Spinal cord stimulation, from diagnosis-oriented to mechanism-based treatment

There is a considerable increase of randomized placebo-controlled trials (RCTs) for the treatment of chronic pain in recent years (Attal et al., 2006). Most of these trials assess drug efficacy. Spinal cord stimulation (SCS) has been shown to be helpful in patients with failed back surgery and radicular leg pain (Kumar et al., 2007), arterial occlusive disease – related pain and Complex Regional Pain Syndrome type I (CRPS) (Kemler et al., 2004). This evidence usually comes from comparative studies, where the best conventional treatment is the comparator. Placebo-controlled studies cannot be performed with SCS, because a therapeutic effect is achieved only when subjective paresthesias cover the painful area, and subthreshold stimulation is not beneficial. The pain relieving mechanism of SCS is not fully understood. Besides segmental mechanisms with A-ß fiber and dorsal column stimulation and local modulation in the superficial layers of the dorsal horn, neurohumoral effects with the release of inhibitory transmitters like GABA or glycine and supraspinal effects are postulated (Rasche et al., 2005).

Despite its doubtless beneficial effects, SCS became never a routine treatment for chronic CRPS. The reasons are the invasive nature, the high costs and the high rate of treatment failures. Unfortunately predictors for a positive treatment response in order to improve the cost/efficacy ratio of SCS have been unknown. In their investigation published in this issue of the European Journal of Pain Van Eijs and colleagues (2010) build on their earlier study (Kemler et al., 2001), in which they demonstrated the positive effects of SCS for treatment of chronic CRPS pain on a group level. In the actual study they followed-up their 36 patients treated with SCS for CRPS I for up to 1 year. While analysis failed to demonstrate an effect of patient´s age, pain intensity and sensory loss, the presence and the amount of brush-evoked allodynia proved to be a significant negative prognostic factor for long-term SCS treatment response. Thus, the paper demonstrates and proves for the first time, what many clinicians already have observed in their patients: while the constant pain is usually very well reduced by SCS, allodynia is not.

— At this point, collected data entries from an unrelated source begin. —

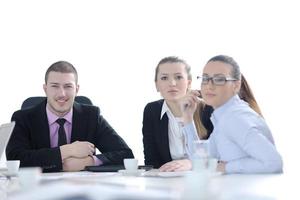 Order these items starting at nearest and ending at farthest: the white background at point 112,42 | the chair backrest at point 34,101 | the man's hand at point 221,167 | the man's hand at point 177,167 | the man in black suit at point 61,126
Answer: the man's hand at point 221,167 → the man's hand at point 177,167 → the man in black suit at point 61,126 → the chair backrest at point 34,101 → the white background at point 112,42

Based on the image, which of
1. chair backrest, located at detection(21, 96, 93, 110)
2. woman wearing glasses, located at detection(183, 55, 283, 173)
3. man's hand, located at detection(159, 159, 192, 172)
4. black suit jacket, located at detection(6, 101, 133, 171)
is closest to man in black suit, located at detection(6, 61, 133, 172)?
black suit jacket, located at detection(6, 101, 133, 171)

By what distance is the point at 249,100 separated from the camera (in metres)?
2.58

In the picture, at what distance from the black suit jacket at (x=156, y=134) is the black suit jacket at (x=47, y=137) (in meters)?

Allodynia to brushing the skin occurs when impulses from low-threshold mechano-afferent fibers (A-ß-fibers) get access to the nociceptive system – either in the spinal cord by excitation of spinal nociceptive and wide dynamic range neurons (Koltzenburg et al., 1994) or by reorganization of the brain (Maihofner et al., 2004). As described above, SCS now excites exactly these low-threshold primary afferent A-ß fibers and the dorsal columns in the spinal cord – in order to enhance inhibition as a prerequisite for the suppression of ongoing pain. If allodynia is established, exactly this has fatal consequences since this low-threshold mechanical afferent input has pathological access to the nociceptive system. Thereby SCS analgesia will be levelled by the competition of analgesic and allodynia action. These findings of Van Eijs and colleagues are therefore not only important for clinicians for patients selection, they also improve our understanding of chronic pain by practically supporting theoretical considerations from many experimental pain studies.

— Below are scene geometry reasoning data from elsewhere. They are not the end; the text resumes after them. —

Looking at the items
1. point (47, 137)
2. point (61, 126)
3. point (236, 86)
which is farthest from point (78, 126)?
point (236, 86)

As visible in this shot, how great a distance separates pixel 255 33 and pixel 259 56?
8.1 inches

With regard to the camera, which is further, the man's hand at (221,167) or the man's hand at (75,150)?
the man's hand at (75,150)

In contrast to allodynia, the presence of non-painful sensory loss was unrelated to SCS efficacy although in general sensory loss might indicate Aß or dorsal column dysfunction and therefore a loss of the substrate for SCS to induce pain relief. Maybe this fact supports recent findings that sensory loss in subjects without nerve lesion (CRPS I) must not indicate loss of afferent fibers or function but rather indicate changes of central touch processing during ongoing pain (Geber et al., 2008).

The study has, however, also limitations. The first one is the limited number of subjects for such an association study. Obviously the indication for SCS implantation in CRPS is so rare that higher numbers are hard to achieve in single centre studies. Multicentre studies are highly recommended. The second one is the fact that the same patients group as published in 2001 (Kemler et al., 2001) was investigated. In fact, this renders the study retrospective since the original study was not designed to investigate treatment failure but treatment success.

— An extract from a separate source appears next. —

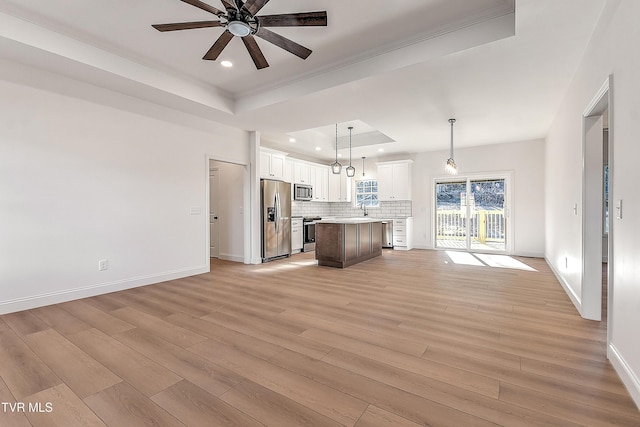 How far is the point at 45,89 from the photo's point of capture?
3.40 meters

Nevertheless, the results presented from Van Eijs and colleagues have implications for chronic CRPS management – since they help to select patients based on their symptoms. This will help to improve cost – efficacy relation of SCS and to avoid treatment failures. And it might be a first step into an individualized and mechanisms-oriented treatment of chronic pain (Baron et al., 2009), in the case of CRPS – without brush-evoked allodynia. As long as we cannot adhere to such a restriction of SCS use since confirming data are missing, we must at least honestly inform the individual patient about their expectations and chances of symptom relief in cases of combined spontaneous pain and allodynia. In these cases further treatment for allodynia in addition to SCS might be necessary for sufficient pain relief.